Sin las llaves y sin la clave, lo que había nacido como un asalto rápido que no podía fallar se complicó lo suficiente como para que el edificio quedara muy pronto rodeado de efectivos policiales.
Fue así que los asaltados se convirtieron en rehenes, dando inicio a una negociación que se iba a extenderse 20 horas y que finalizaría en la madrugada del viernes 17 con un operativo que se redujo a una simple y mortífera lluvia de balas.
Los rehenes que sobrevivieron –algunos ya habían sido liberados en el transcurso de la noche- hablaron de movimientos extraños entre los tres delincuentes que parecían estar buscando algo más que dinero. Se habló de documentos, de un maletín, de algo innombrable oculto en alguna de las cajas fuertes. Papeles muy comprometedores cuya existencia jamás se comprobó.
En ese momento el presidente del BNA era el ya fallecido Roque Maccarone quien aseguró que la entidad había entregado enseguida la clave al juez a cargo, Carlos Villafuerte Ruzo, y que se había puesto a disposición de los reclamos de los delincuentes con tal de salvar a los rehenes.
Sin embargo, la negociación no avanzaba y los asaltantes intentaron un escape temerario, seguramente porque en algún momento de aquella jornada interminable comprendieron que el botín valía pagar cualquier precio, y que de ahí no saldría vivo nadie. Porque al final, los seis rehenes y los tres ladrones se habían convertido en lo mismo: eran nueve condenados a muerte.
El escape que no pudo ser
Las crónicas de 1999 cuentan que cerca de las 4 de la madrugada del viernes 17 mientras uno de los criminales, Martín Saldaña, hablaba con el mediador, los otros dos subieron al auto del gerente junto con la esposa de éste, Flora Lacave, y el contador del banco, Carlos Santillán.

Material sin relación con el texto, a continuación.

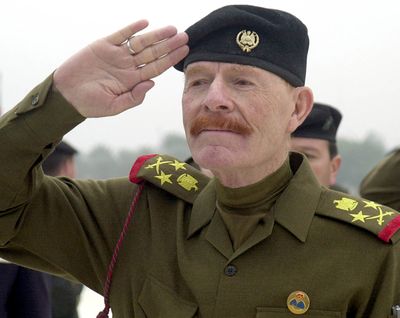 In this 2002 photo, Izzat Ibrahim al-Douri salutes during a ceremony in Baghdad. (Associated Press)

El gerente conducía con un explosivo atado al cuello.
Como animales atrapados que eran, los tres ladrones se arriesgaron a ampararse en las cámaras de los canales de televisión que estaban apostados y expectantes en la puerta, confiando en que los policías no dispararían frente a los ojos de todo un país, viendo que llevaban tres rehenes.
Pero lo inimaginable pasó y más de doscientos efectivos apostados abrieron fuego. Se informó que dispararon cerca de 170 balas, matando en el acto al gerente, el contador y a Javier Hernández, uno de los asaltantes.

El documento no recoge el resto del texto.